Enfin, je souris en voyant les réactions à travers le monde suite à la sortie de ce film... Dans certains pays musulmans et bouddhistes, il est interdit pour blasphème... Par ailleurs, des groupes de catholiques plus ou moins organisés à travers le monde (mais pas l'Eglise de Rome en tant qu'institution) appellent au boycott... L'Opus Dei, au contraire, en profite pour faire des journées portes ouvertes (là, on croit rêver...). Je me souviens encore de la polémique des caricatures du Prophète et, à la fin des Années 1980, déjà à propos de la mise en scène de la liaison supposée Jésus - Marie de Magdala, le boycott massif du film "La Dernière Tentation du Christ" (allant jusqu'à l'incendie d'un cinéma à Paris avec un mort)... film qui, soit dit en passant, m'a personnellement redonné la foi et que j'apprécie de revoir régulièrement malgré ses défauts de réalisation (le réalisateur, Martin Scorsese, n'avait eu aucun financement pour son projet... et ça se sent... à l'inverse de "Gangs of New York" où, là, on voit à chaque image qu'il avait les dollars nécessaires...). Je suis chaque fois consterné par la bêtise humaine, le fanatisme de certains groupes dits religieux. Car de quoi ont peur les croyants ? Si on est si peu convaincu par sa propre foi qu'on soit ébranlé dès qu'une trame romanesque aborde le sujet de sa foi ou que quelques (mauvais) caricaturistes se permettent de faire des amalgames douteux... c'est qu'on est finalement de bien peu de foi (ou qu'en tout cas elle est particulièrement fragile) ! Amis croyants de toutes confessions, vous pouvez aller voir "Da Vinci Code"... vous n'irez pas griller en enfer ! Amis athées, vous pouvez aussi aller voir le film même si je pense que vous vous ennuierez ferme en pestant : "Ah ! comme ils nous ennuient avec leurs histoires de religions !"
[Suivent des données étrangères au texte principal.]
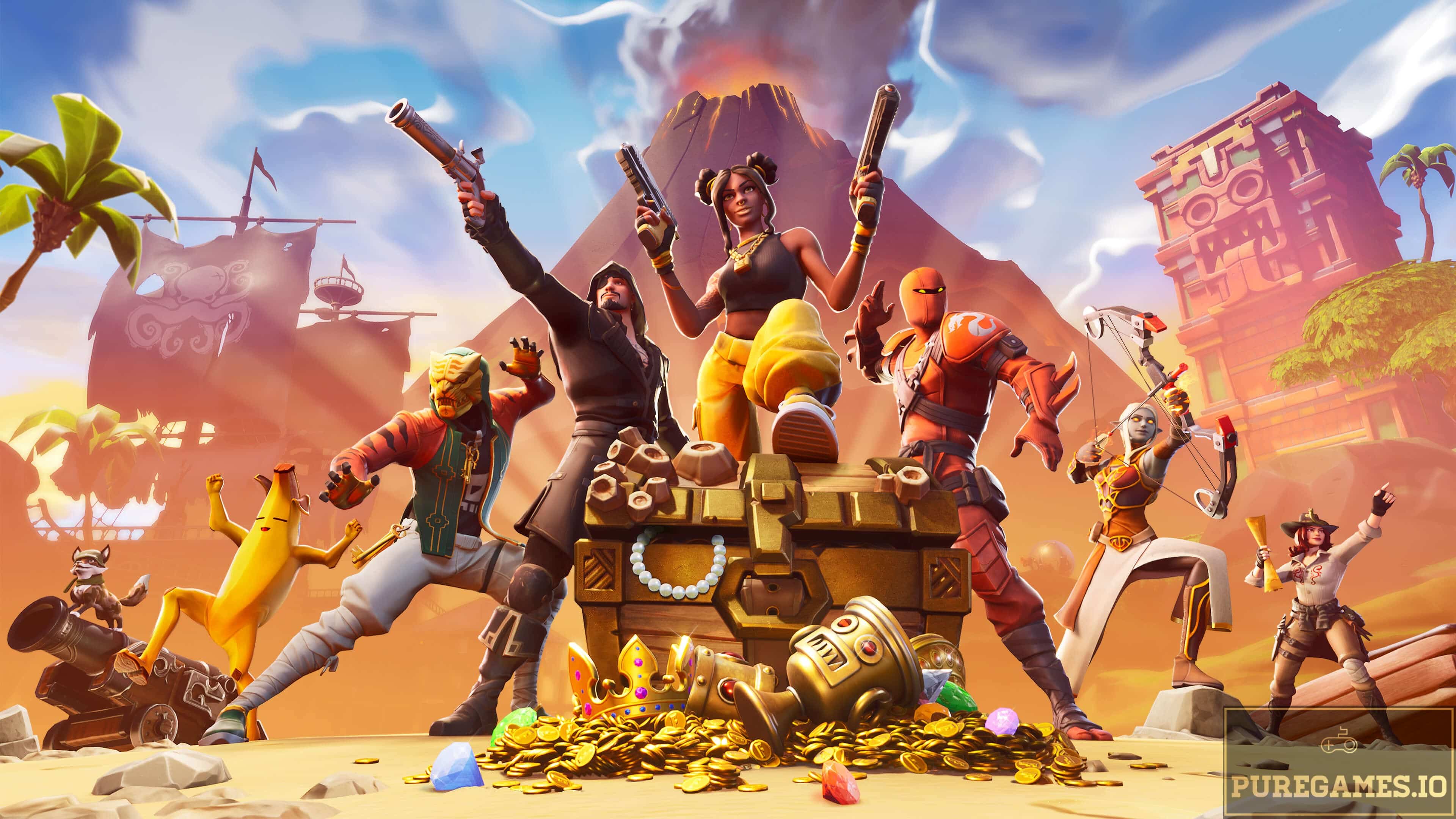 Free Download Fortnite for Android/iOS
Avant de passer à la rediffusion de mon article sur le roman "Da Vinci Code"... Quelques mots de la deuxième lecture de "Inspecteur Grey" (la pièce dans laquelle je joue en octobre)... Progressivement, tout se met en place... Mais je suis abominablement stressé par mon personnage... Je joue le secrétaire du mort, un homme ordinaire, banal, qui commet un délit parce que l'occasion se présente, un homme amoureux dont les avances sont repoussées. Et ce personnage tellement ordinaire me fait un peu peur. Car comment jouer, finalement, celui qui pourrait presque être soi-même ? C'est tellement plus facile de jouer quelqu'un de loin de soi. Je repense à mon personnage de Bouzin dans "Un Fil à la Patte"... J'avais mis du temps à le cerner mais, au terme, c'était un plaisir de jouer cet énergumène entraîné de bout en bout par Feydeau dans une intrigue qu'il ne maîtrise jamais... Là, avec René Dupré, je suis face à quelqu'un de totalement prévisible, qui pourrait être moi... D'un côté, j'ai peur de me perdre dans un tel personnage. De l'autre, j'ai peur de surjouer (pour souligner les sentiments de ce personnage "monsieur tout le monde") voire d'être un peu caricatural justement parce que je forcerais le trait ou au contraire je serais transparent et terne. En plus, mon personnage est le seul dans cette situation... Tous les autres sont bien marqués : les deux inspecteurs (le vieux de la vieille à qui on ne la fait pas et celui qui mène rigoureusement son enquête, entre Colombo et Sherlock Holmes) ; les deux héroïnes (la jeune fille au caractère trempé et sa demi-soeur, femme froide et distante) ; les domestiques (trois seconds rôles qui apportent pas mal d'humour dans une pièce assez sombre). Bref, je suis en plein doute quant au théâtre. Je me suis même demandé si j'allais continuer les répétitions ou pas...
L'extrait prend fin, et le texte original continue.